China's top financial regulators have reiterated over the weekend the country's commitment to advance financial opening-up while strengthening risk prevention, including in regard to the China-US dispute about listed companies' compliance with US auditing rules.

Experts said the country's efforts to more closely harmonize domestic financial practices with global standards have brought great opportunities to foreign investors, though further efforts in this respect are needed.

Yi Huiman, chairman of the China Securities Regulatory Commission, the country's top securities regulator, said that China will firmly open up the capital market and hold an open, supportive attitude toward foreign companies setting up institutions and rolling out services and products.

"In the meantime, we will also carefully coordinate opening-up with risk prevention," Yi said in his address to a roundtable of the China Development Forum, held in Beijing and due to conclude on March 22.

The commission will pay particular attention to stepping up efforts to prevent a massive amount of speculative capital, also called hot money, from entering or leaving the country. It also will continue to seek cooperation with regulators in the United States for a sound resolution of the dispute surrounding US-listed Chinese companies, Yi said.

"We have been trying to engage our counterparts in the US to effectively cooperate on this issue and proposed multiple solutions, but still have not received full and positive feedback. It is our firm belief that cooperation brings win-win results and that only by sitting down and consulting each other can problems be solved and differences resolved," Yi said.

The regulatory commission published Yi's address on its website on March 20, on the heels of the conclusion of the China-US high-level strategic dialogue on March 19 and amid the ongoing bilateral audit dispute that could force US-listed Chinese companies to delist.

The nine measures to open the capital market wider that China announced at the Lujiazui Forum in Shanghai in 2019 have proved effective, Yi said. Foreign money has posted a net inflow into the Chinese A-share market for three consecutive years. Foreign holdings in A-shares exceeded 3 trillion yuan ($461 billion) by the end of last year.

China's capital market has provided foreign investors with good returns and has great potential to further attract foreign capital, Yi said, adding that the proportion of foreign holdings in total A-share market capitalization has remained relatively low at less than 5 percent.

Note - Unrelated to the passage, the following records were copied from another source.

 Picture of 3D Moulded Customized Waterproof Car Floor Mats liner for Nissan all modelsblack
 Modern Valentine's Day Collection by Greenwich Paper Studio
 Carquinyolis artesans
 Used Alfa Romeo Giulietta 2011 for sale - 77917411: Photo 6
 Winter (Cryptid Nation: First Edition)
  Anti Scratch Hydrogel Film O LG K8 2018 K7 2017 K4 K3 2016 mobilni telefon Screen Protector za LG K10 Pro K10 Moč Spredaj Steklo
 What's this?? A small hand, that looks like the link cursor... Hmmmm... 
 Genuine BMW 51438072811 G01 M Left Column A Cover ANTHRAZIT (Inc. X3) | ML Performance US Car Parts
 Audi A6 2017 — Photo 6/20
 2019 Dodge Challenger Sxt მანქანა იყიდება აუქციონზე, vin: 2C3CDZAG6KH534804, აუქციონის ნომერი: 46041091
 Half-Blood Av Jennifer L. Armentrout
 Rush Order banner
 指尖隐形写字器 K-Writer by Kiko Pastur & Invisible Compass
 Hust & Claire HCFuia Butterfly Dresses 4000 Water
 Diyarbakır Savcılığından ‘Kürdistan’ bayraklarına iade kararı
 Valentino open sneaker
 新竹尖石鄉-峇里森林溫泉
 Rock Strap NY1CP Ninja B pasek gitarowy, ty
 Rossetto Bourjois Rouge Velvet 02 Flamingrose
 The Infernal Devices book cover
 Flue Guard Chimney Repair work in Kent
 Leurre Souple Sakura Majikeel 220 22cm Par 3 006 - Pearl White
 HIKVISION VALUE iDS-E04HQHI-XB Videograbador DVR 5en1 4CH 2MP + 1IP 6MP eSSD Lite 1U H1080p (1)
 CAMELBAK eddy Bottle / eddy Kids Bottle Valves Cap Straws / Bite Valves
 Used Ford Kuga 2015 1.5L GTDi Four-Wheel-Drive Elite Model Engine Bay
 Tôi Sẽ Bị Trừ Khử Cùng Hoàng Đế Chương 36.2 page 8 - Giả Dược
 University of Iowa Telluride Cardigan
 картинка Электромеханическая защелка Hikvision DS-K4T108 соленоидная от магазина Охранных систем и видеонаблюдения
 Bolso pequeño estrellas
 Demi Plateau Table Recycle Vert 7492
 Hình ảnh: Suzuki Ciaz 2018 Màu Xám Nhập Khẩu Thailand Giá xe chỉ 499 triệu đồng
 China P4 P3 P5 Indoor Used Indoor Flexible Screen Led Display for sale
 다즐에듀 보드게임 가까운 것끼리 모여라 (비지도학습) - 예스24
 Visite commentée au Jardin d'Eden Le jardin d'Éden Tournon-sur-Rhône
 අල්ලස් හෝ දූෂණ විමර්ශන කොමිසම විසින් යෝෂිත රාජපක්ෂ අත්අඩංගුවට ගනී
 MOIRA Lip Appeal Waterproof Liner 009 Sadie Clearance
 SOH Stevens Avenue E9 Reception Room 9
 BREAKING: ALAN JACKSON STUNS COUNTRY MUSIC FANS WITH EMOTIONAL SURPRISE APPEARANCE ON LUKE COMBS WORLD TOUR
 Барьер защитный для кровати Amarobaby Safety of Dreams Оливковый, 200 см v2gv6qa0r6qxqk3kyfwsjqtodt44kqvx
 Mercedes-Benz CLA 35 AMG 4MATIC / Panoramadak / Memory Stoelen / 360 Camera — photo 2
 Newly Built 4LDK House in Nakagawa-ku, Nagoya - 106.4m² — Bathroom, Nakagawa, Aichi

Having learned from best practices overseas, the country's registration-based reform has achieved breakthroughs with stable operation of the pilot registration-based initial public offering system on Shanghai's STAR Market and Shenzhen's ChiNext, Yi added.

The commission will take multiple measures to pave the way for implementing the registration-based system across the whole market in a steady manner, including to urge intermediary institutions to further conform with the new system, strive for a normalized pace of IPOs, and improve the regulatory framework, he said.

Prudent policy

Yi Gang, governor of the People's Bank of China, the central bank, said at a separate roundtable at the forum on March 20 that China's monetary policy should help create an enabling environment for financial reform and opening-up.

"We will continue to implement a prudent monetary policy, support firms and jobs, keep major financial risks at bay and deepen financial reform and opening-up," he said.

Eugene Qian, chairman of UBS Securities, the UBS AG joint venture with Chinese stakeholders, said the country's continuous steps to internationalize its huge and growing capital market have provided great opportunities for UBS to develop its business in China.

"All of our business lines see promising prospects in China, so we will devote more here," he told China Daily on the sidelines of the forum.

Registration-based reform has marked a milestone for China's capital market, Qian added, as it has made stock issuance more in line with international standards, though further efforts are needed to make the issuance process more predictable.